JPU Kejaksaan Tinggi Jawa Barat, Andi Muh Taufik yang
membacakan surat dakwaan menyebut Buni Yani telah mengubah video pidato Ahok
saat kunjungan ke Kepulauan Seribu yang dipublikasikan oleh Dinas Komunikasi,
Informasi, Statistik (Diskominfomas) Provinsi DKI Jakarta.
"Terdakwa
dengan sengaja dan tanpa hak atau melawan hukum dengan cara apa pun mengubah,
menambah, mengurangi, melakukan transmisi, merusak, menghilangkan, memindahkan,
menyembunyikan suatu lnformasi elektronik dan/atau dokumen elektronik milik
orang Iain atau milik publik," ujar Andi.
Andi mengatakan, pada tanggal 27 September 2016, Ahok selaku
Gubernur DKI Jakarta mengadakan kunjungan kerja di Tempat Pelelangan lkan (TPI)
Pulau Pramuka, Kepulauan Seribu. Dalam pidatonya Ahok menyinggung soal Surat Al
Maidah ayat 51.
"Jadi jangan percaya sama orang, kan bisa aja dalam hati
kecil bapak ibu enggak bisa pilih saya, ya kan dibohongi pakai surat Al-Maidah
51, macam-macam itu hak bapak ibu yah. Jadi kalau bapak ibu perasaan enggak
bisa pilih nih karena saya takut masuk neraka karena dibodohin gitu ya enggak
apa-apa, karena ini kan panggilan pribadi bapak ibu program ini jalan saja,
jadi bapak ibu enggak usah merasa enggak enak, dalam nuraninya enggak bisa
milih Ahok, enggak suka sama Ahok nih, tapi programnya gua kalau terima enggak
enak dong jadi utang budi jangan bapak ibu punya perasaan enggak enak, nanti
mati pelan-pelan loh kena stroke," kata Andi menirukan pidato Ahok.

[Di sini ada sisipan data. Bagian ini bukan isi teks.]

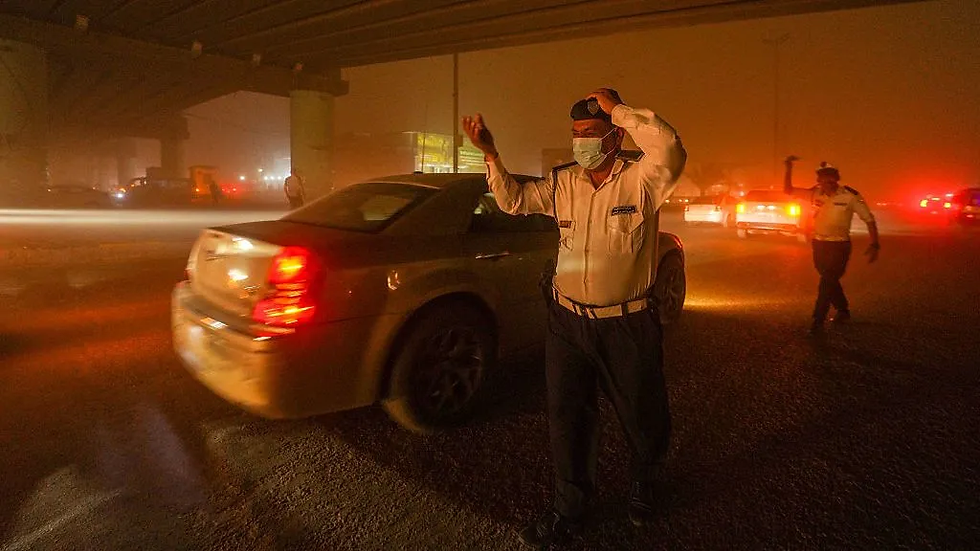 Policial de trânsito usando máscara facial orienta veículos durante uma tempestade de poeira à noite, sob um viaduto. A visibilidade está reduzida e as luzes dos carros iluminam a névoa alaranjada ao redor.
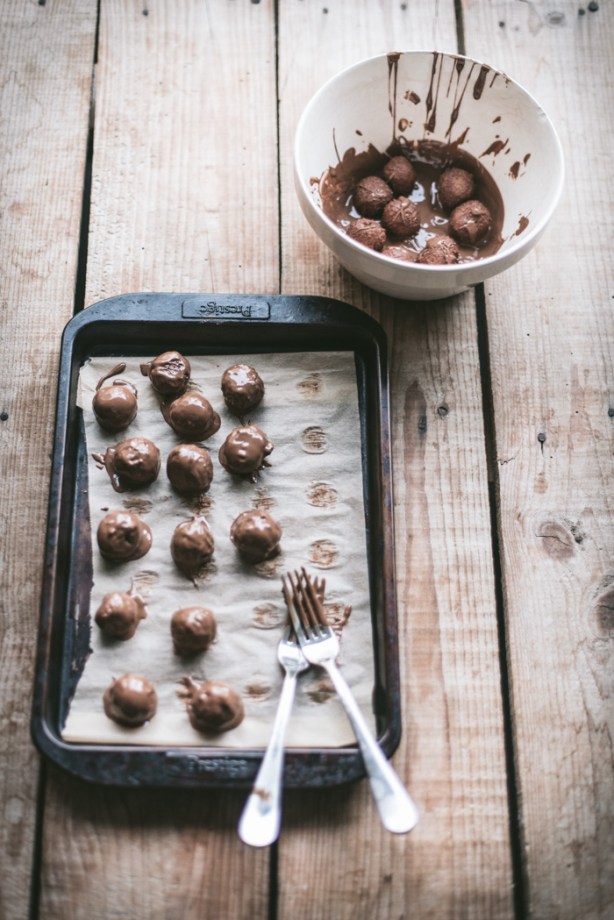 Dipping Tim Tam Truffles into melted chocolate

Pidato Ahok di Pulau Pramuka tersebut, lanjut Andi, telah
diliput dan direkam oleh Dinas Komunikasi, lnformatika dan Statistik
(Diskominfomas) Provinsi DKl Jakarta. Kemudian pada tanggal 28 September 2016
Diskominfomas Provinsi DKl Jakarta mempublikasikan video kegiatan tersebut
dengan mengunggah rekaman video kegiatan pada hari Selasa tanggal 27 September
2016 ke YouTube lewat akun Pemprov DKI dengan judul '27 Sept 2016 Gub Basuki T
Purnama Kunjungan ke Kep Seribu dalam rangka Kerja Sama dengan STP' berdurasi 1
jam 48 menit.
"Pada hari Kamis tanggal 6 Oktober 2016, terdakwa Buni
Yani dengan menggunakan handphone telah mengunduh (mendownload) rekaman video
tersebut dari akun Pemprov DKI tanpa seizin Diskominfomas Pemprov DKI Jakarta
selaku pemilik rekaman. Terdakwa telah mengurangi durasi rekaman video Pemprov
DKI, sehingga hanya tinggal berdurasi 30 detik saja yaitu yang terjadi di
antara menit ke 24.00 sampai dengan menit ke 25.00," katanya.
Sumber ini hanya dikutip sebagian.